Programming persistent memory is not easy. In several chapters we have described that applications that take advantage of persistent memory must take responsibility for atomicity of operations and consistency of data structures. PMDK libraries like libpmemobj are designed with flexibility and simplicity in mind. Usually, these are conflicting requirements, and one has to be sacrificed for the sake of the other. The truth is that in most cases, an API’s flexibility increases its complexity.

In the current cloud computing ecosystem, there is an unpredictable demand for data. Consumers expect web services to provide data with predicable low-latency reliability. Persistent memory’s byte addressability and huge capacity characteristics make this technology a perfect fit for the broadly defined cloud environment.

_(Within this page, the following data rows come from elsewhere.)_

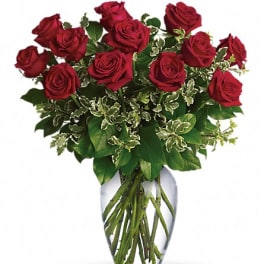 Red roses arranged in a clear glass vase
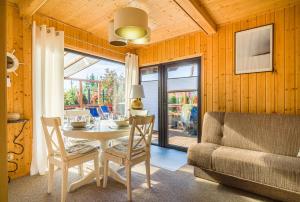 a dining room with a table and a couch at Domek przy morzu in Gąski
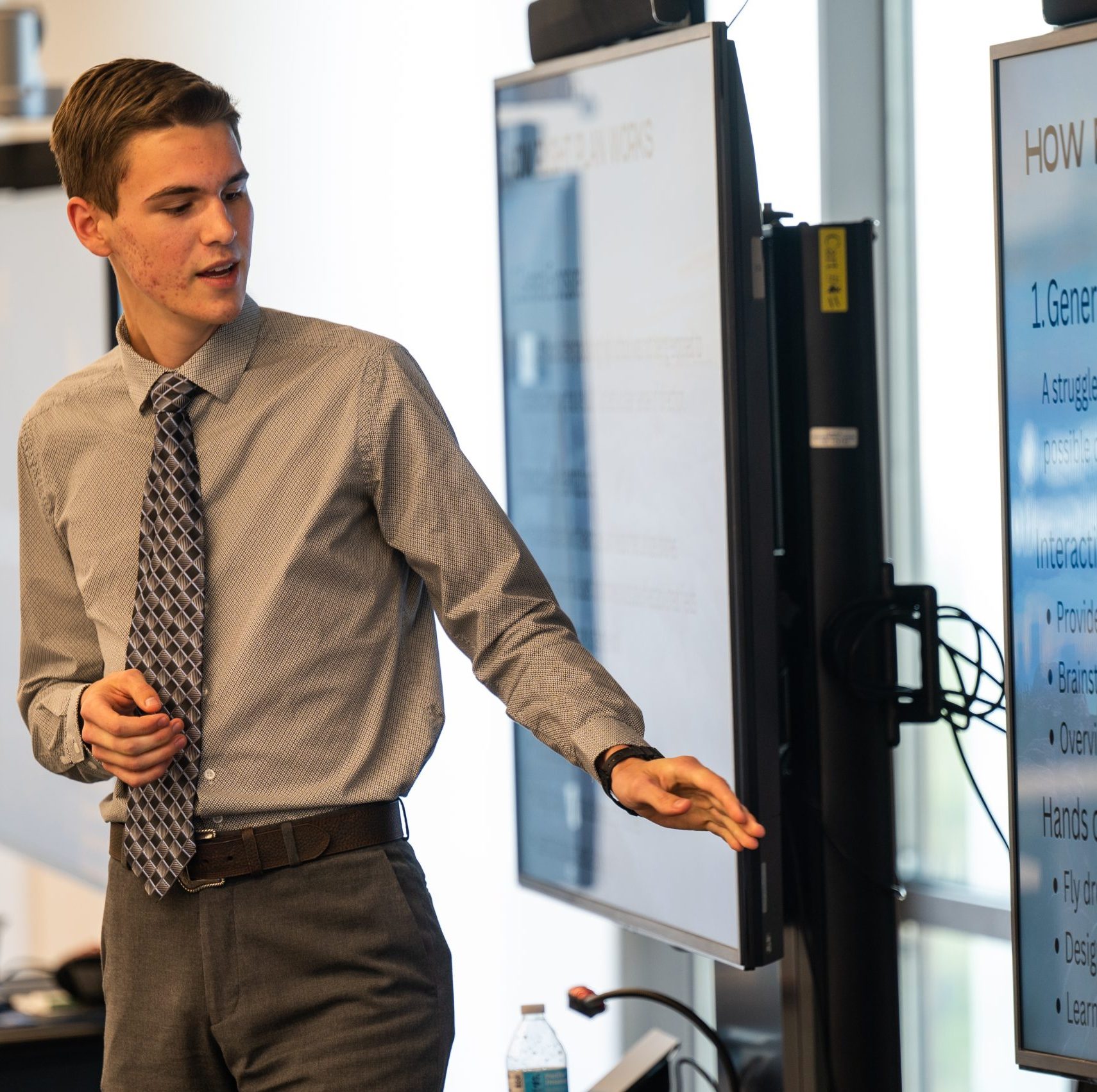 A young male in business attire is giving a presentation in front of several different tvs.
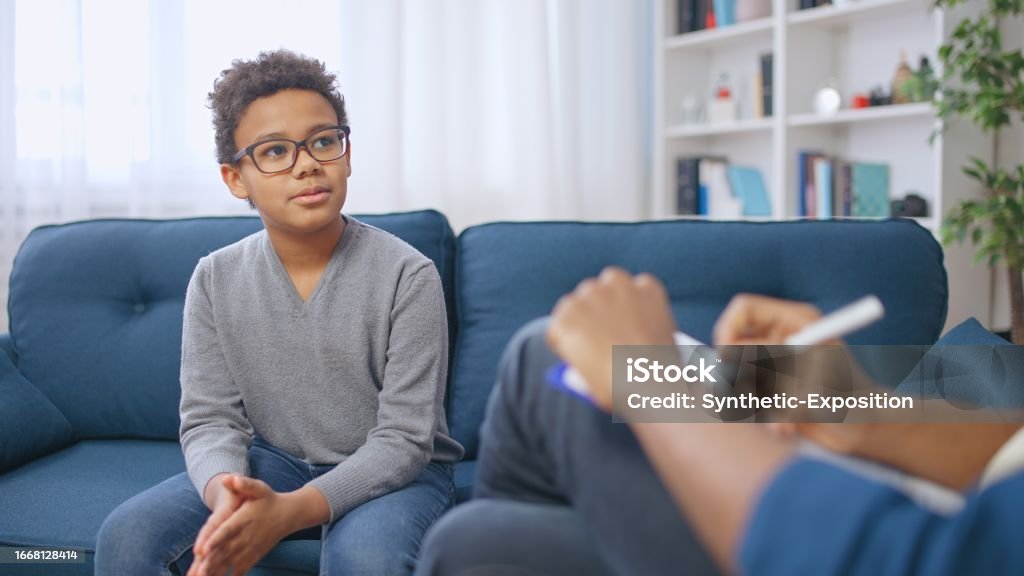 young boy having a talk with an adult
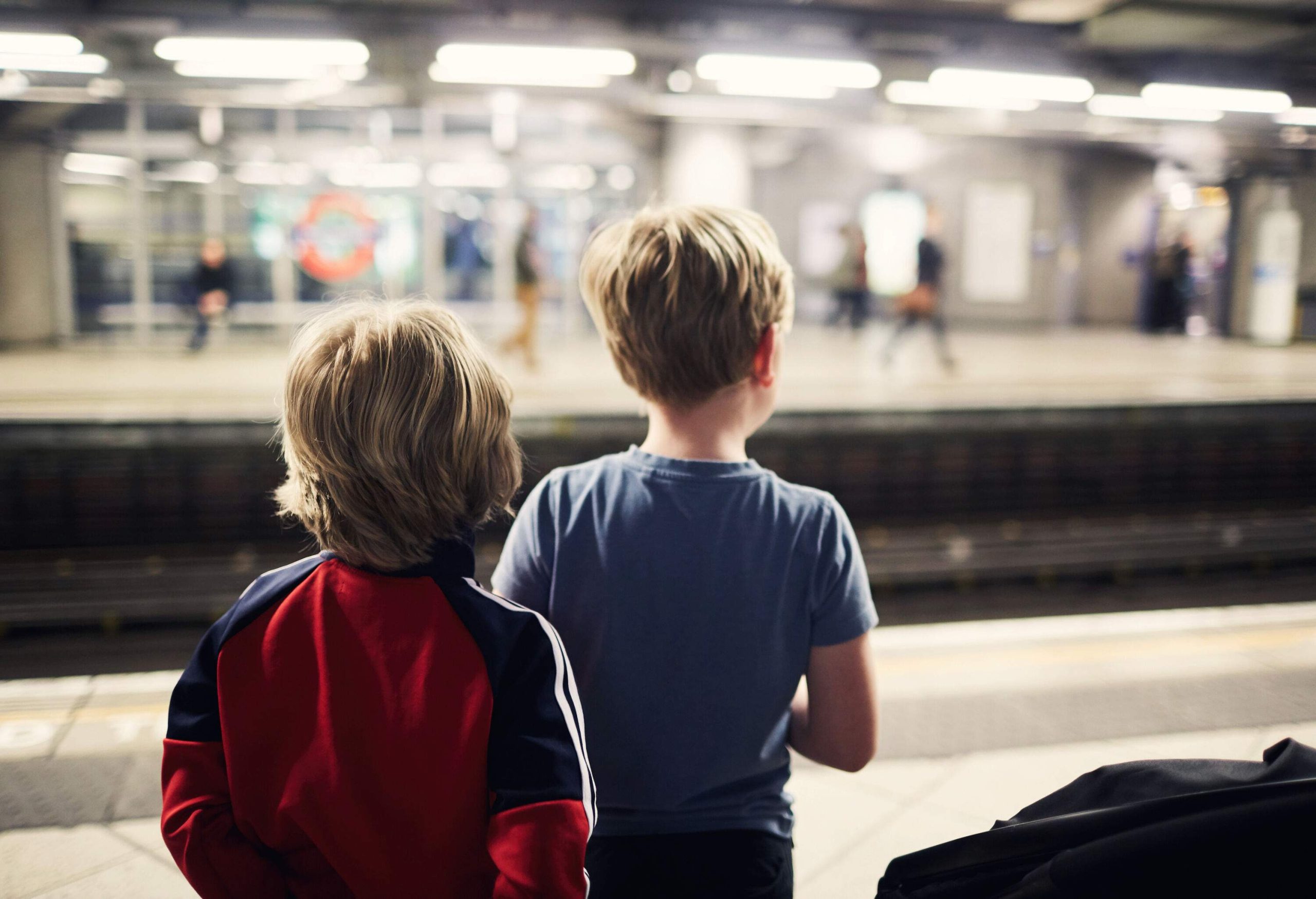 Two little boys waiting for a train at a metro station.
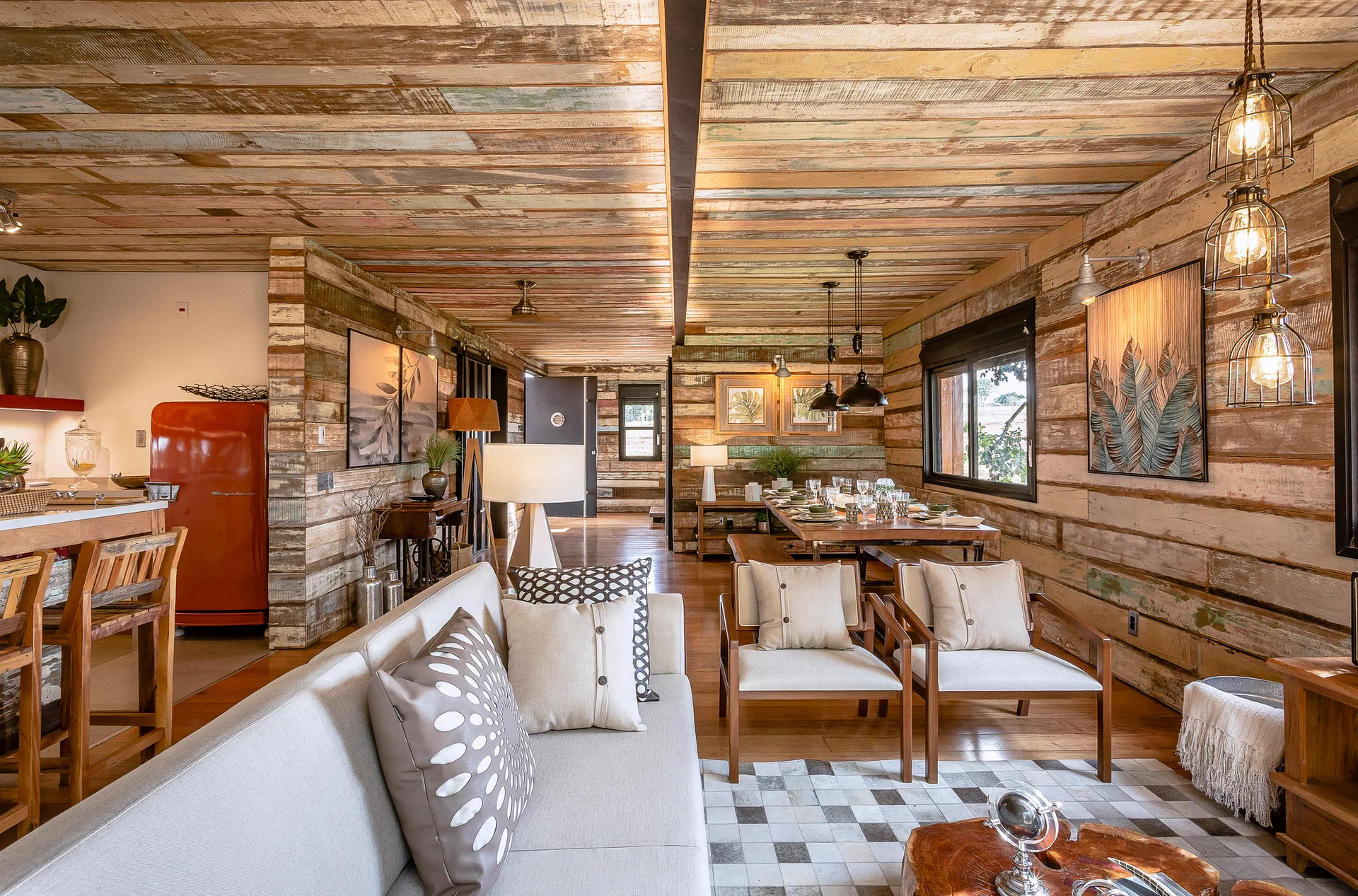 An open-concept living space features walls and a ceiling clad in weathered reclaimed wood, furnished with a light gray sofa and wooden dining set.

Today, as greater numbers of devices with greater levels of intelligence are connected to various networks, businesses and consumers are finding the cloud to be an increasingly attractive option that enables fast, ubiquitous access to their data. Increasingly, consumers are fine with lower storage capacity on endpoint devices in favor of using the cloud. By 2020, IDC predicts that more bytes will be stored in the public cloud than in consumer devices (Figure 9-1).

Figure 9-1
figure 1

Where is data stored? Source: IDC White Paper – #US44413318

The cloud ecosystem, its modularity, and variety of service modes define programming and application deployment as we know it. We call it cloud-native computing, and its popularity results in a growing number of high-level languages, frameworks, and abstraction layers. Figure 9-2 shows the 15 most popular languages on GitHub based on pull requests.

Figure 9-2
figure 2

The 15 most popular languages on GitHub by opened pull request (2017). Source: https://octoverse.github.com/2017/

In cloud environments, the platform is typically virtualized, and applications are heavily abstracted as to not make explicit assumptions about low-level hardware details. The question is: how to make programming persistent memory easier in cloud-native environment given the physical devices are local only to a specific server?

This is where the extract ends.